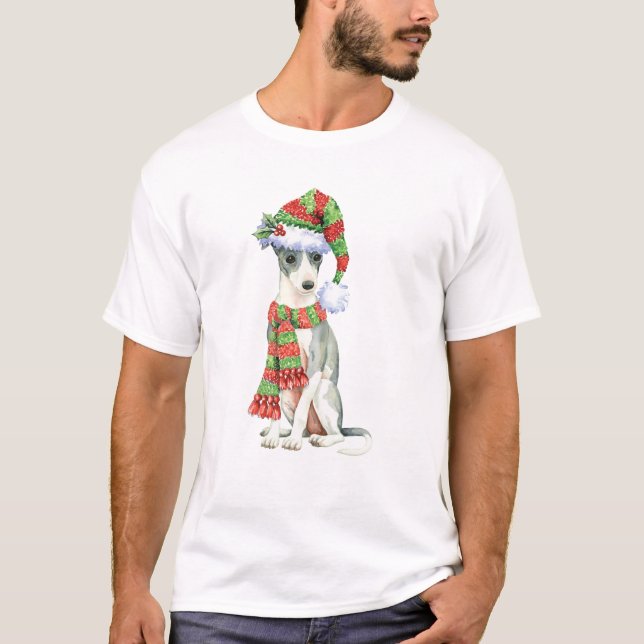Glücklicher Howlidays italienischer Windhund T-Shirt (Vorderseite)
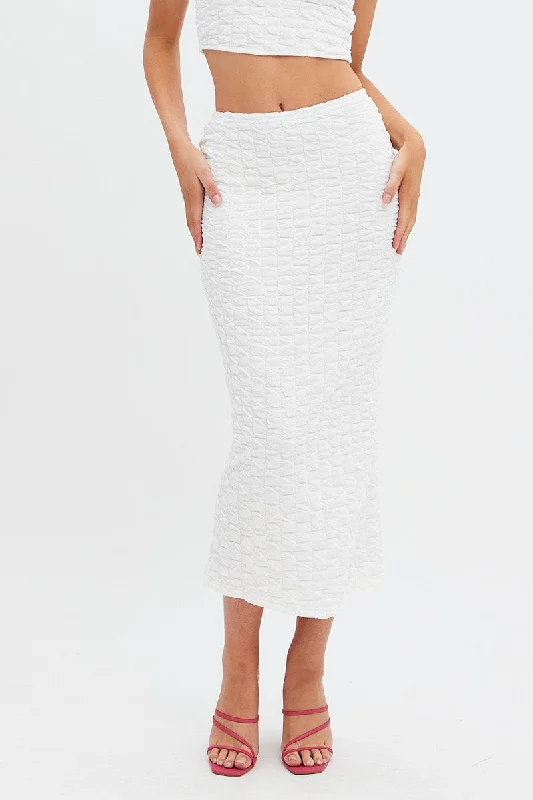 White Maxi Skirt High Rise Bodycon Textured Jersey modal blend skirt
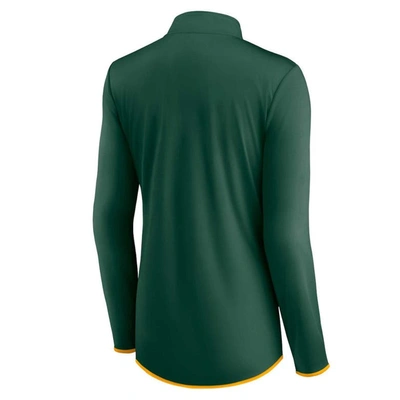 Shop Fanatics Branded Green Oakland Athletics Worth The Drive Quarter-zip Jacket In Hunter Green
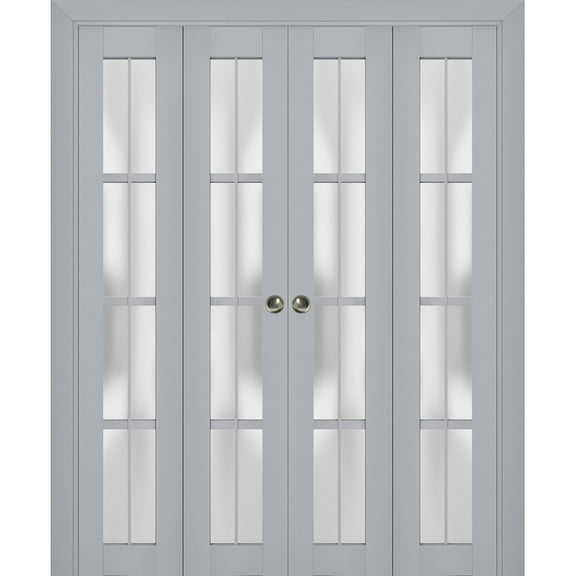 Sliding Closet Double Bi-fold Doors | Veregio 7412 Matte Grey with Frosted Glass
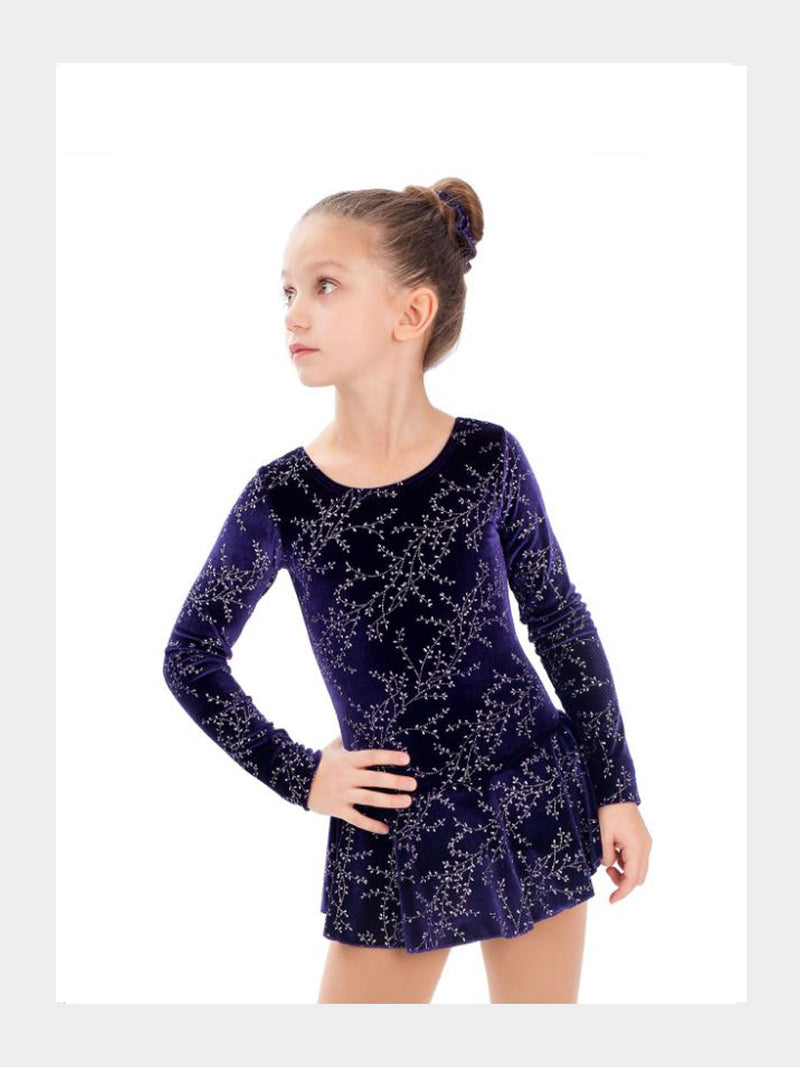 Mondor Langarm Samtkleid  mit Glitzermotiv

Prompt
Give back the lines word for word, from the very first in the material above to the one that has "Shop Fanatics Branded", both included, without the pictures.

Response to this task
Glücklicher Howlidays italienischer Windhund T-Shirt (Vorderseite)
 White Maxi Skirt High Rise Bodycon Textured Jersey modal blend skirt
 Shop Fanatics Branded Green Oakland Athletics Worth The Drive Quarter-zip Jacket In Hunter Green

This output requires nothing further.